Joy House (French title: Les félins / UK title: The Love Cage) is a 1964 French mystery–thriller film starring Jane Fonda, Alain Delon and Lola Albright. It is based on the 1954 novel of the same name by Day Keene.

The film was directed by René Clément, his second for MGM.

==Plot==
In Monte Carlo, Marc, a handsome card sharp, escapes American gangsters who have been ordered to kill him because he had an affair with the boss's wife. Marc hides in a mission for the poor where Barbara, a wealthy widow, finds him and hires him as her chauffeur.

At Barbara's chateau, her niece Melinda becomes attracted to Marc, and Marc discovers that Barbara is hiding her lover Vincent in the secret rooms and passageways of the chateau. Vincent is a bank robber sought by the police for murdering Barbara's husband. He and Barbara plan to murder Marc so that Vincent may use Marc's passport to escape to South America. Marc and Barbara begin an affair but are discovered by Vincent, who then kills Barbara but is also killed by the American gangsters who mistake him for Marc.

Marc and Melinda plan to dispose of the two bodies, but when Melinda learns that Marc is planning to leave without her, she tricks the police into believing that Marc is guilty and forces him to hide in the chateau's secret rooms. He is her prisoner, just as Vincent had been her aunt's.

==Cast==
- Jane Fonda as Melinda
- Alain Delon as Marc
- Lola Albright as Barbara
- Sorrell Booke as Harry
- Carl Studer as Loftus
- André Oumansky as Vincent
- Arthur Howard as Father Nielson
- Georges Douking as Tramp
- Del Negro as Mick

==Production==
The film was based on a Day Keene novel published in 1954. The New York Times called the book "more conventional than usual" but said the story was "... well constructed and sharply twisted in the James M. Cain manner."

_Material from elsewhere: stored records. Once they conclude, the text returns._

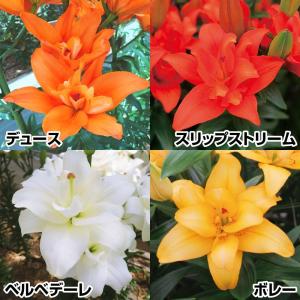 国華園 ユリ 球根 八重咲すかしユリAセット 4種16球(各4球) 百合球根 ユリの球根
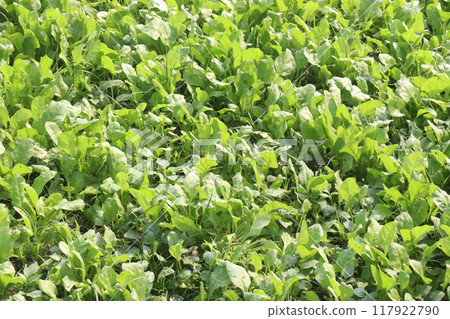 Spinacia oleracea on farm for harvest 117922790
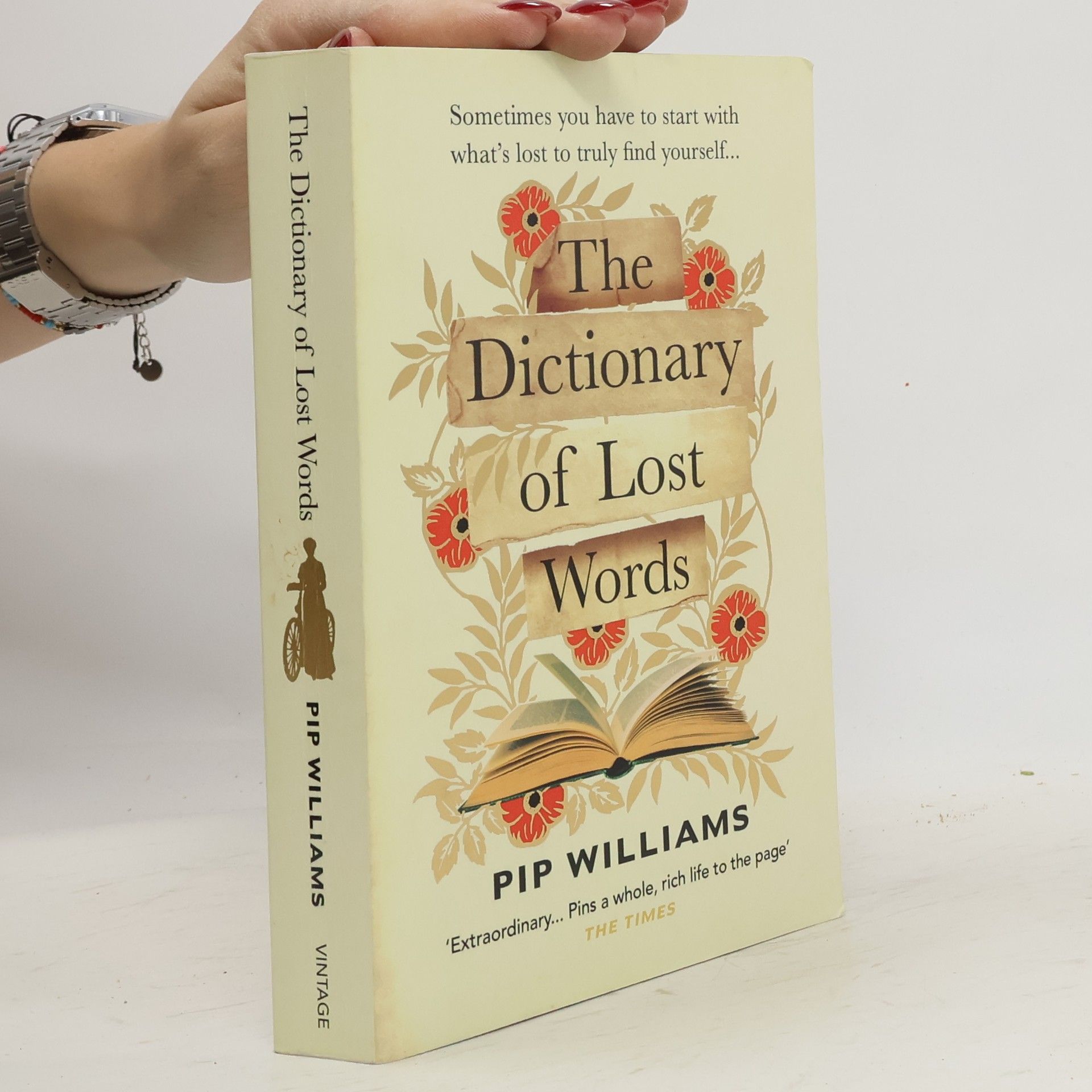 The dictionary of lost words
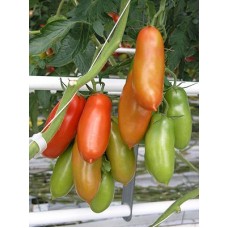 Seminte plic tomate supermarz. f1 250sem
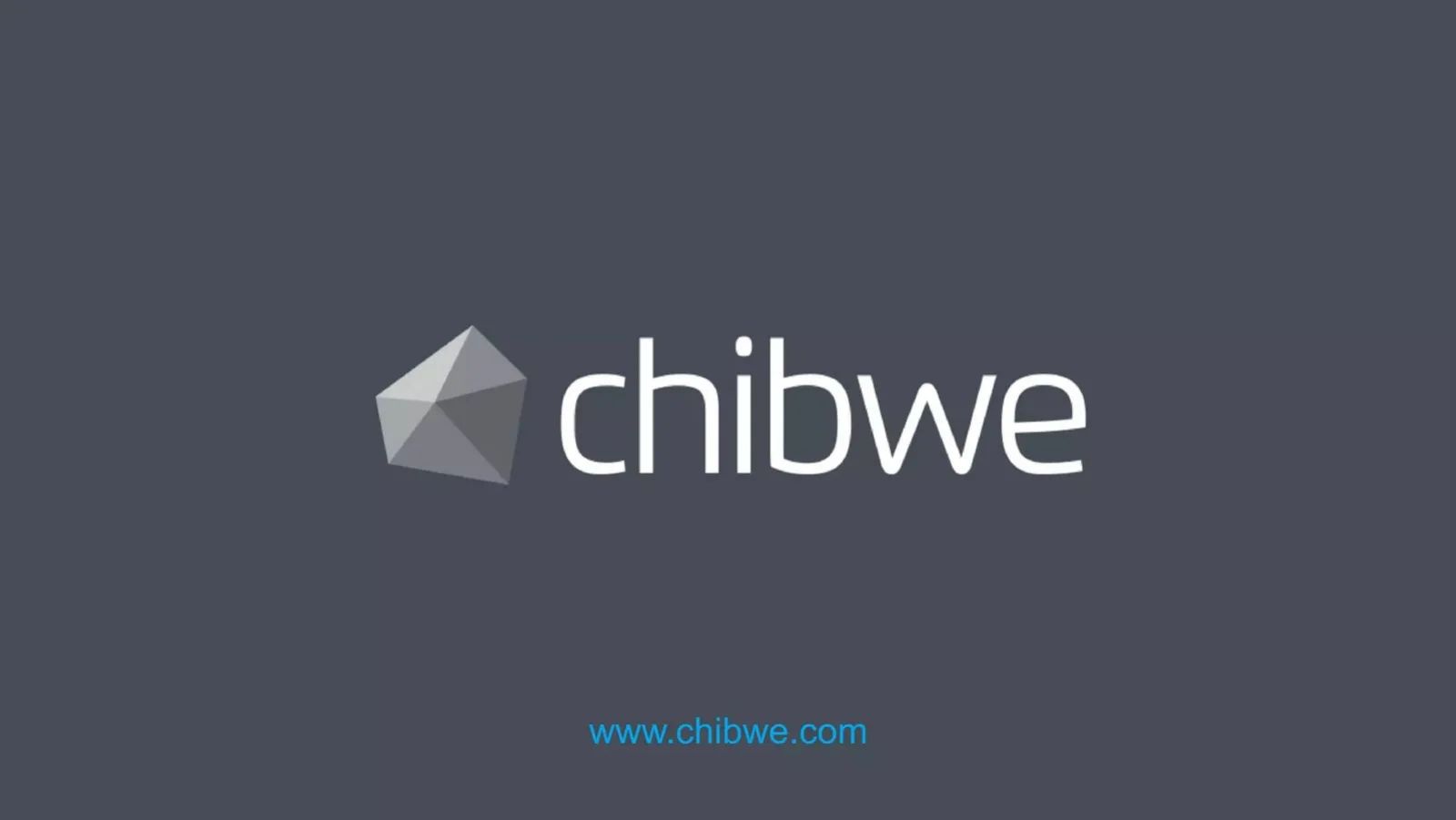 Chibwe pitch deck slide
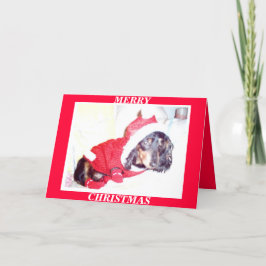 X MAS CHRISTMAS-KAARTEN - HEIDI PUP - DASCHUND MIN FEESTDAGEN KAART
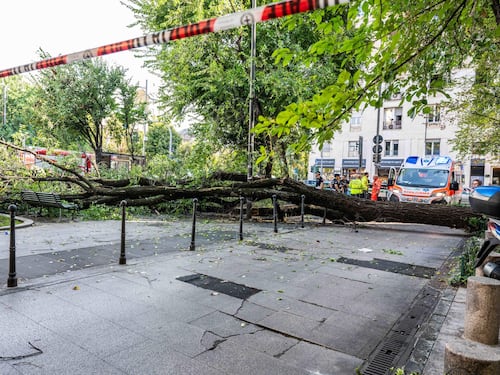 Milano, cade un albero in piazza Risorgimento: tre contusi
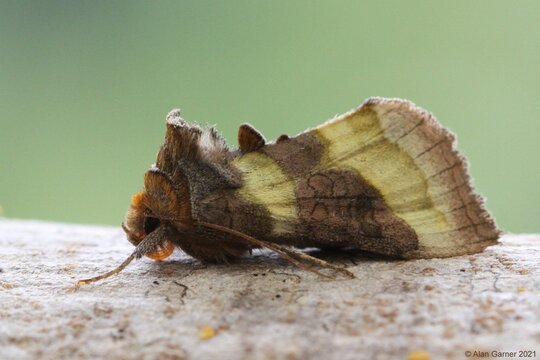 Burnished Brass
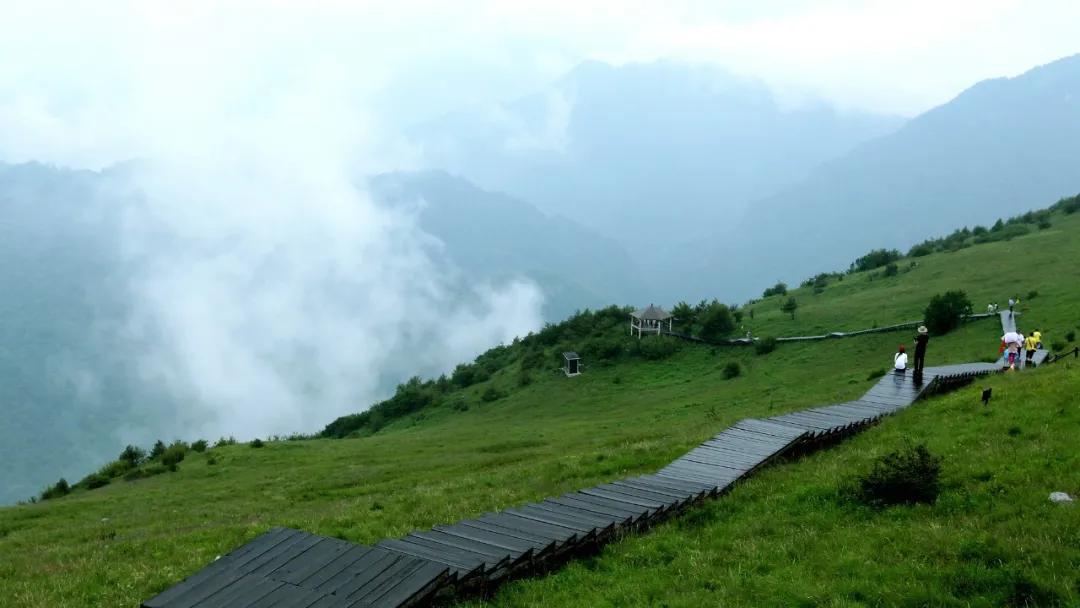 汉中周边踏青的好地方有哪些,汉中乡村游秘境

Film rights were bought by MGM and René Clément was hired to direct. He had previously directed MGM's The Day and the Hour, another film featuring both American and French actors.

MGM signed Alain Delon to a five-picture deal following the studio's successful collaboration with him on 1963's Any Number Can Win.

In March 1963, Natalie Wood was announced for the role of Melinda, but she soon withdrew and was replaced by Jane Fonda.

Filming began in August 1963. The film was partly shot in the historic Villa Torre Clementina.

Joy House was Fonda's first film in France. Of the shoot she said, "there was chaos, rain and script changes, I fought sixty battles and won them all." She filmed her part speaking English and was later dubbed into French. She later recalled that Clément directed the film without a script:
I didn't speak very good French then, and I never understood much of what was going on. The only people who really dug that movie, for some reason, were junkies. They used to come up to me and give me a big wink. But I'm awfully glad I did it because it got me into France and I met [later husband Roger] Vadim.
Fonda married Vadim in 1965 and lived in France for several years. Fonda later alleged that Clément, 24 years her elder, tried to persuade her to sleep with him in preparation for a love scene in the film.

Lalo Schifrin won the 1965 Grammy Award for Best Original Jazz Composition for the theme tune "The Cat".

==Reception==
The Los Angeles Times called the film "an oddball thriller."